Note also that GPU users must additionally specify the the Compute Capability of their GPU, which can be looked up at the NVIDIA website
GPU_COMPUTE_CAPABILITY = 30An incorrect Compute Capability will lead to drastically incorrect computations. You can check if you've set the right Compute Capability by running the unit tests via
cd tests
then./runTests.sh
.
You can additionally customise the precision with which the state-vector is stored.
# whether to use single, double or quad floating point precision in the state-vector {1,2,4}
PRECISION = 2
Using greater precision means more precise computation but at the expense of additional memory requirements and runtime. Checking results are unchanged when altaring the precision can be a great test that your calculations are sufficiently precise.
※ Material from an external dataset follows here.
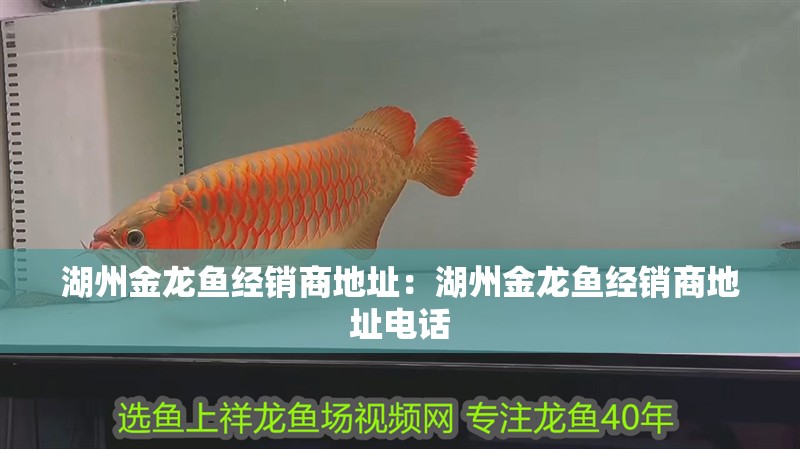 湖州金龍魚(yú)經(jīng)銷商地址：湖州金龍魚(yú)經(jīng)銷商地址電話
You're now ready to compile your code by entering
make
at the terminal, in the directory of your code. For the above example, this performs
gcc -O2 -std=c99 -mavx -Wall -fopenmp -c path/to/QuEST/CPU/QuEST.c
gcc -O2 -std=c99 -mavx -Wall -fopenmp -c path/to/QuEST/mt19937ar.c
gcc -O2 -std=c99 -mavx -Wall -fopenmp -c myCode1.c
gcc -O2 -std=c99 -mavx -Wall -fopenmp -c myCode2.c
gcc -O2 -std=c99 -mavx -Wall -fopenmp -c path/to/QuEST/CPU/QuEST_env_local.c
gcc -O2 -std=c99 -mavx -Wall -fopenmp -o myExecutable QuEST.o mt19937ar.o myCode1.o myCode2.o QuEST_env_local.o -lm
You can then call your code
./myExecutable
If you enabled multithreading when compiling, you can control how many threads your code uses by setting OMP_NUM_THREADS
, ideally to the number of available cores on your machine
export OMP_NUM_THREADS=8
./myExecutable
QuEST will automatically allocate work between the given number of threads to speedup your simulation.
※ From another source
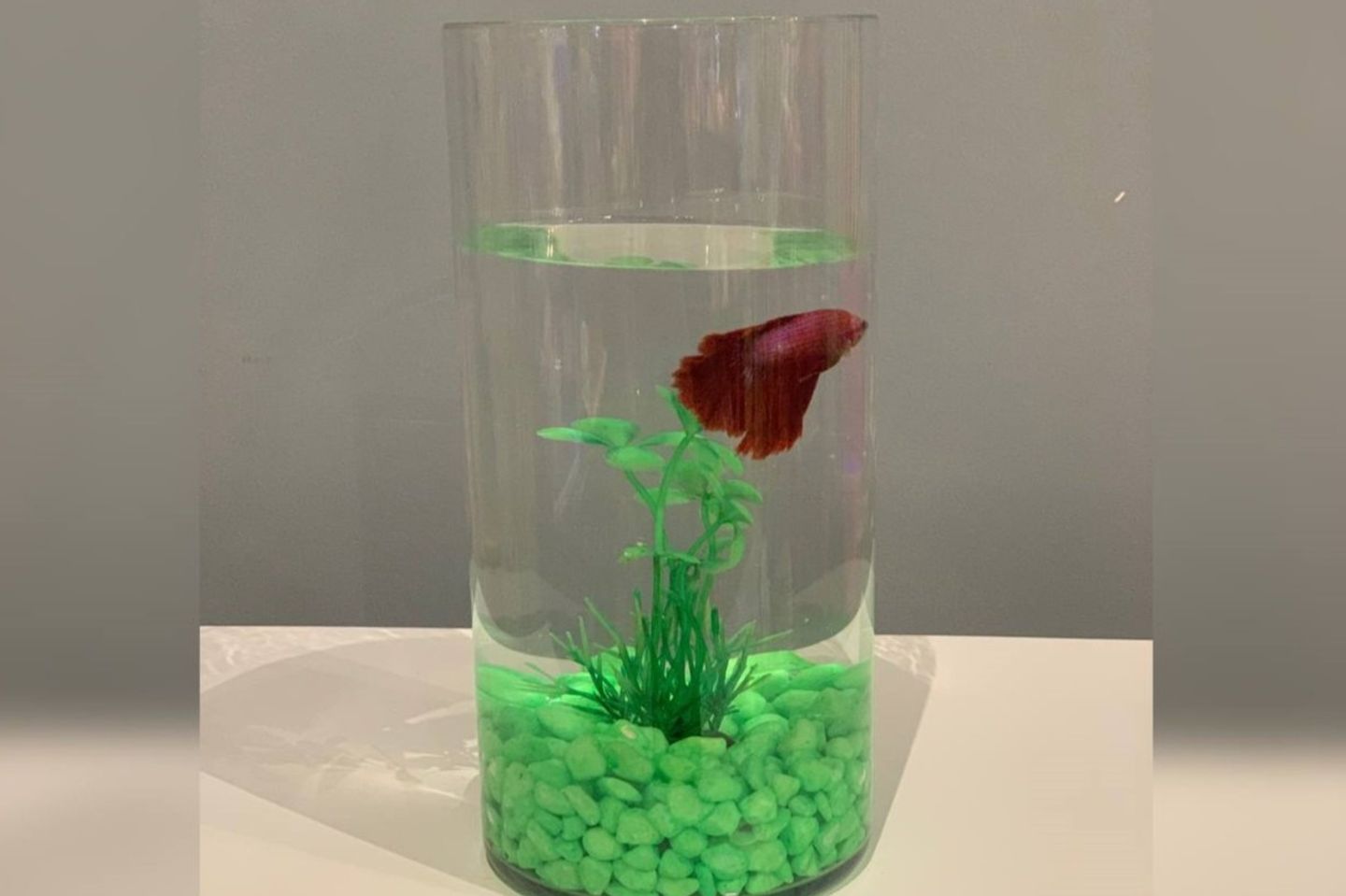 Green Stone Fish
If you compiled in distributed mode, your code can be run over a network (here, over 8 machines) using
mpirun -np 8 ./myExecutable
This will, if enabled, also utilise multithreading on each node with as many threads set in OMP_NUM_THREADS
.
If you compiled for a GPU connected to your system, simply run
./myExecutable
as normal!
There are no special requirements for running QuEST through job submission systems. Just call ./myExecutable
as you would any other binary.
For example, the above code can be split over 4 MPI nodes (each with 8 cores) by setting DISTRIBUTED = 1
(and MULTITHREADED = 1
) in the makefile, and writing a SLURM submission script
#SBATCH --nodes=4
#SBATCH --ntasks-per-node=1
module purge
module load mvapich2
make clean
make
export OMP_NUM_THREADS=8
mpirun ./myExecutable
or a PBS submission script like
#PBS -l select=4:ncpus=8
make clean
make
export OMP_NUM_THREADS=8
aprun -n 4 -d 8 -cc numa_node ./myExecutable
Running QuEST on a GPU partition is similarly easy in SLURM
#SBATCH --nodes=1
#SBATCH --ntasks-per-node=1
#SBATCH --gres=gpu:1
#SBATCH --partition=gpu ## name may vary
module purge
module load cuda ## name may vary
make clean
make
./myExecutable
On each platform, there is no change to our source code or our QuEST interface. We simply recompile, and QuEST will utilise the available hardware (a GPU, shared-memory or distributed CPUs) to speedup our code.
Note that parallelising with MPI (DISTRIBUTED = 1
) will mean all code in your source file will be repeated on every node. To execute some code (e.g. printing) only on one node, do
if (env.rank == 0)
printf("Only one node executes this print!");
Such conditions are valid and always satisfied in code run on a single node.